A 32.8kg, uniform ladder of length L hinged to a horizontal platform at Point P1

Question

A 32.8kg, uniform ladder of length L hinged to a horizontal platform at Point P1 and anchored with a a steel cable of the same length as the ladder attached at the ladder's midpoint.

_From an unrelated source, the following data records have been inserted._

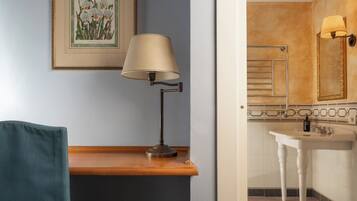 Un bagno con lavandino, specchio, portasciuga e una stampa botanica incorniciata appesa al muro.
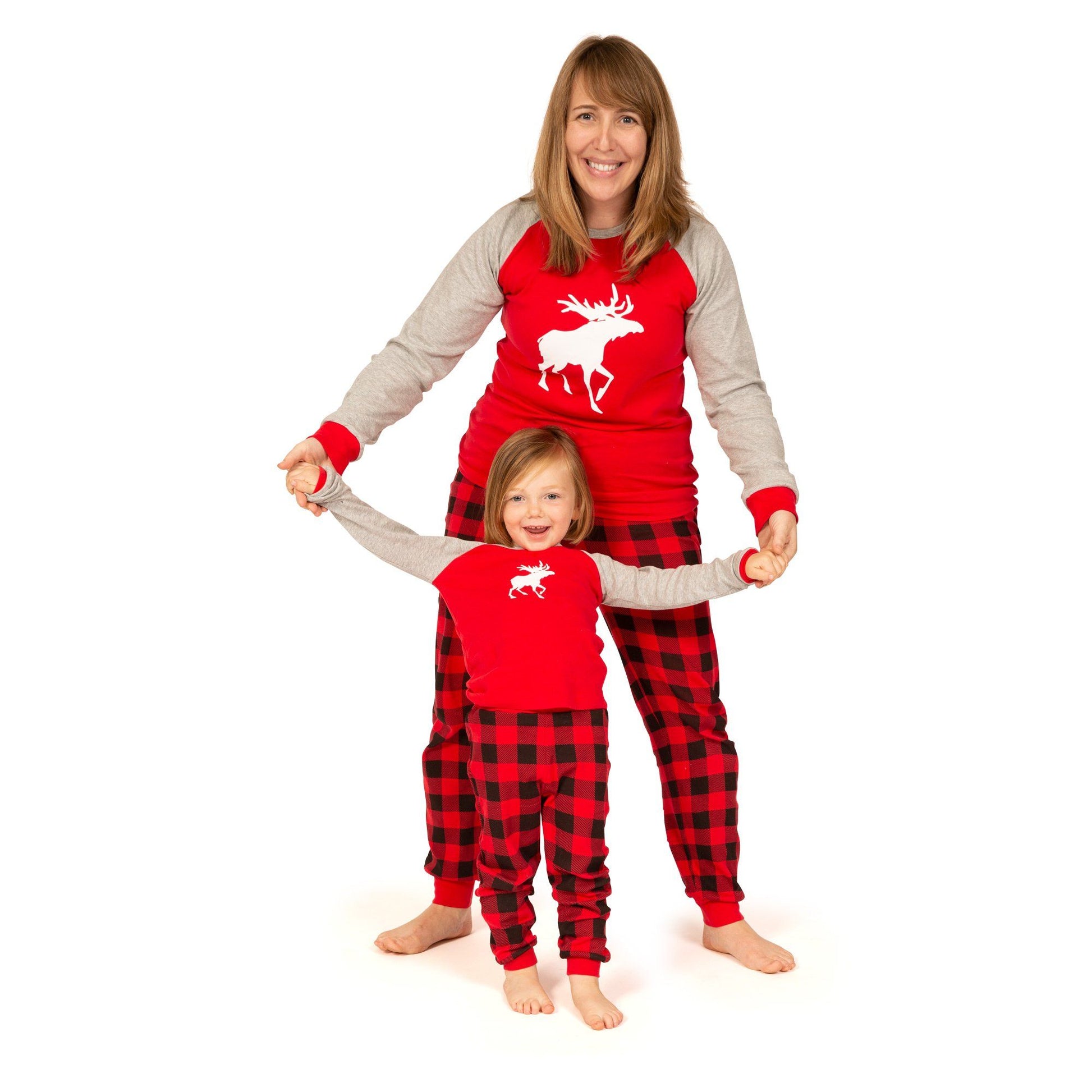 Matching red and black plaid pajamas for the whole family-adults, kids, doll and dog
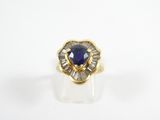 a close up of a gold ring with a blue sapphire and baguets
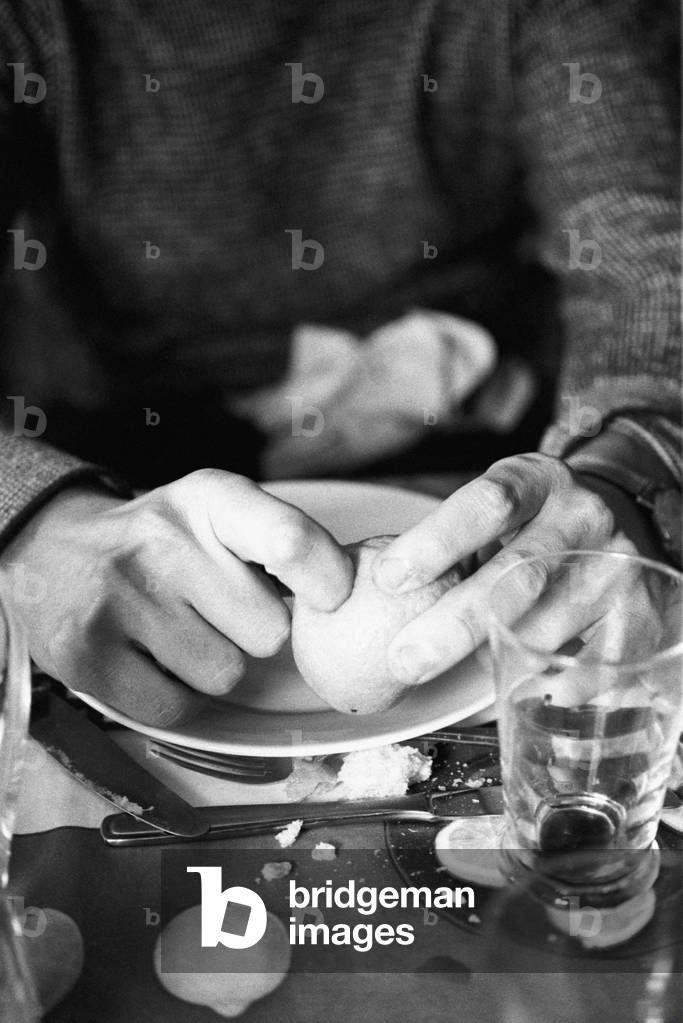 Uto Ughi peeling a Mandarin orange, Italy, 1970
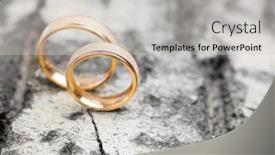  Presentation with wedding rings - Audience pleasing presentation theme consisting of beautiful-wedding-rings-on-wooden backdrop and a light gray colored foreground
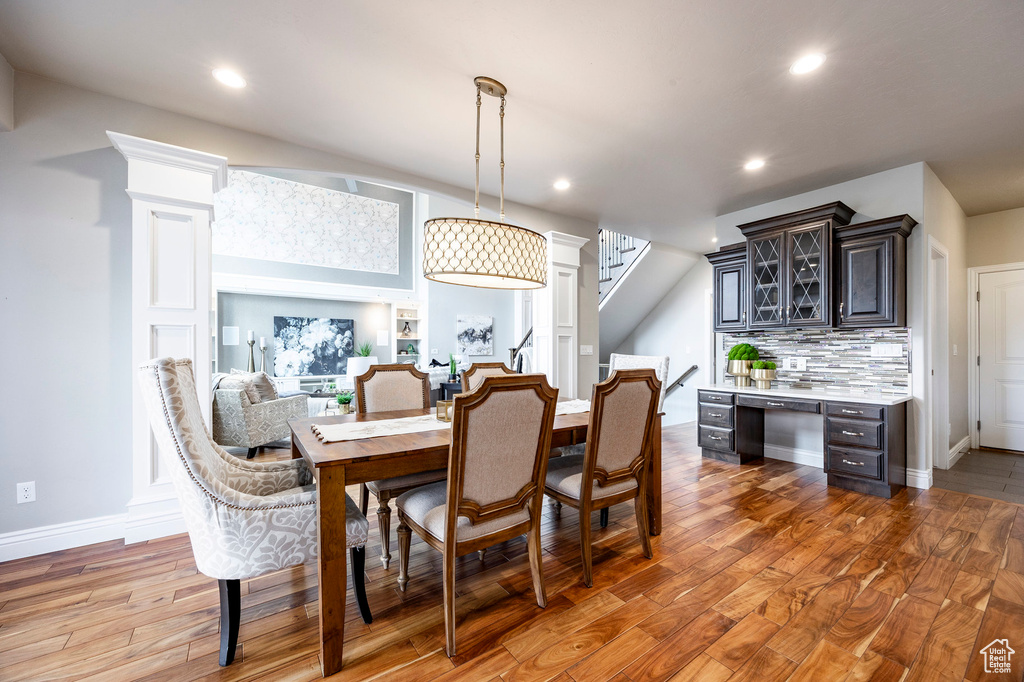 Dining room featuring wood finished floors, recessed lighting, stairway, and baseboards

The ladder makes an angle of 50 degrees with the horizontal.

A. Calculate the magnitude of the tension in the cable when a 75.5kg person is standing three-quarters of the way up the ladder.

Answer given is 2000N.

B. Calculate the components of the force in the hinge when an 75.5kg person is standing three-quarters of the way up the ladder (include direction)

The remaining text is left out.